Sur America's Army, outils de ressources humaines à grande échelle, il était prévu que l’armée américaine puisse avoir accès aux profils et performances des joueurs pour sélectionner ses soldats. Si l'option n'a finalement pas été retenue, les sept millions de dollars investis ces dernières années par le gouvernement américain dans le projet aident à mieux saisir l'enjeu d'un tel plan de recrutement. Un Kaboul dématérialisé dans les "malls" de grandes villes, une suite logique pour le Pentagone.
Dès 1999, le gouvernement américain s'associe avec l'Université de Californie du Sud et les studios d'Hollywood pour réfléchir à un simulateur d'entraînement militaire. Apprendre aux futurs soldats à conduire des véhicules coûteux ne suffit plus. En associant les deux plus grandes industries du divertissement, celles du jeu vidéo et du cinéma, le Pentagone désire aller plus loin. Le début du XXIème siècle voit les stratégies de combat évoluer, les théâtres d'opérations se complexifier. Il ne s’agit plus seulement de recréer le décor d'un environnement : le scenario et sa crédibilité deviennent les éléments clés d'une immersion réussie pour tester les recrues. En 2004, un nouveau mode d'entraînement militaire voit le jour.
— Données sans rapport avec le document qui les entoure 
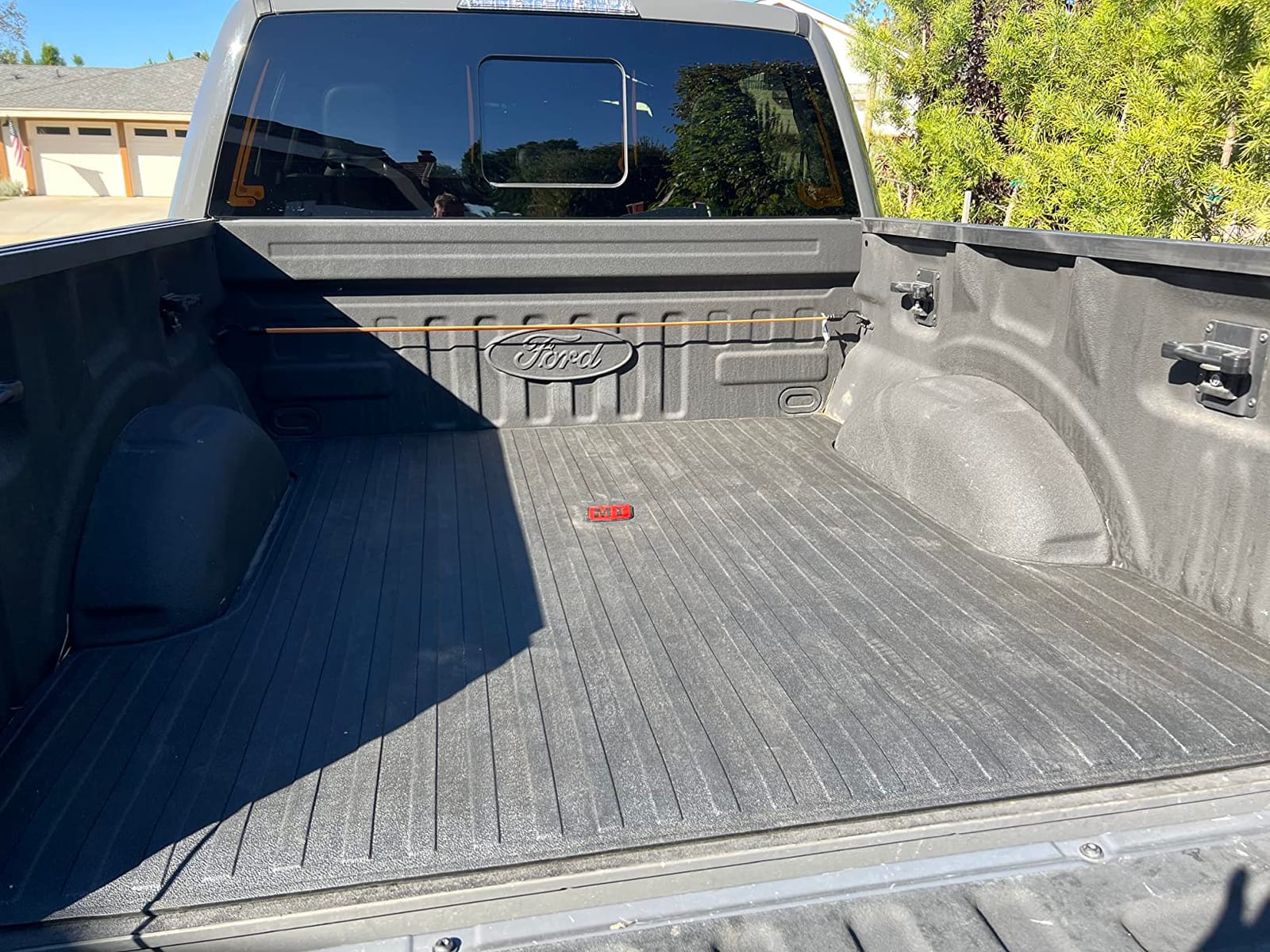 Motor Trend Custom Fit 3D Truck Bed Mat for 2015-2024 Ford F-150 5.5 ft CrewCab Bed Liner, Includes 22-24 Lightning Crew/Super Crew, All Weather Ford F-150 5.5 ft Bed Mat customer photo 2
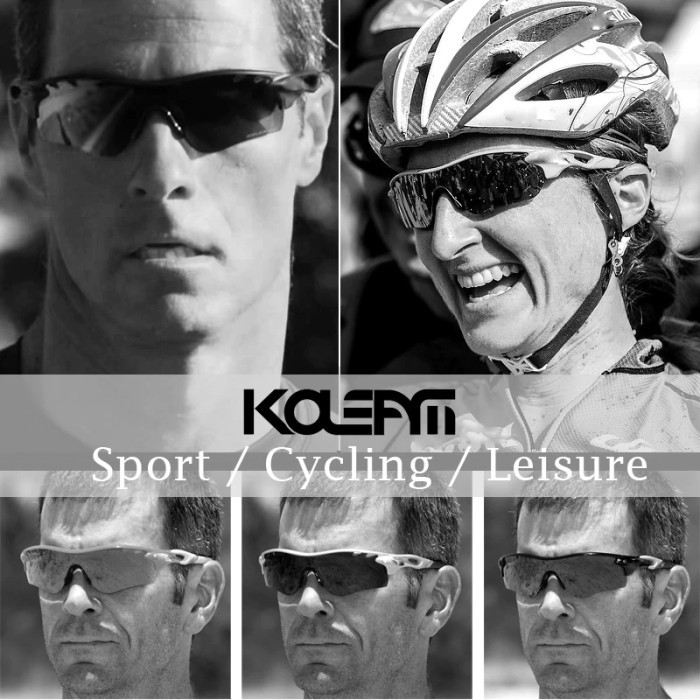 KADEAM frame TR90 UV400 Polarized KACAMATA LARI SEPEDA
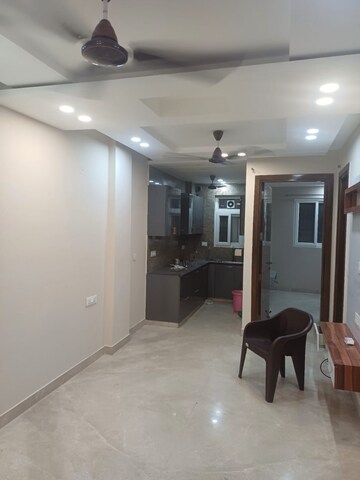 Living Room in 2 BHK Builder Floor at Paschim Vihar – for Sale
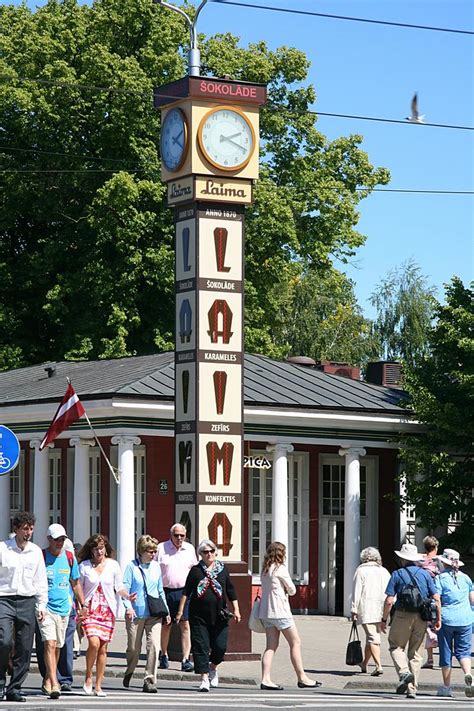 Laima Clock Central Rīga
Le JFETS, pour Joint Fires and Effects Trainer System, est un jeu vidéo capable de générer ses propres scénarios. Dans ce type d'installation, une salle plongée dans le noir réunit murs d'écrans et enceintes intégrées au sol. Le but recherché : recréer auprès du soldat les émotions du terrain. Incertitude, peur, hésitation, empathie, la sollicitation se veut totale. Ici le réalisme est autant narratif que graphique.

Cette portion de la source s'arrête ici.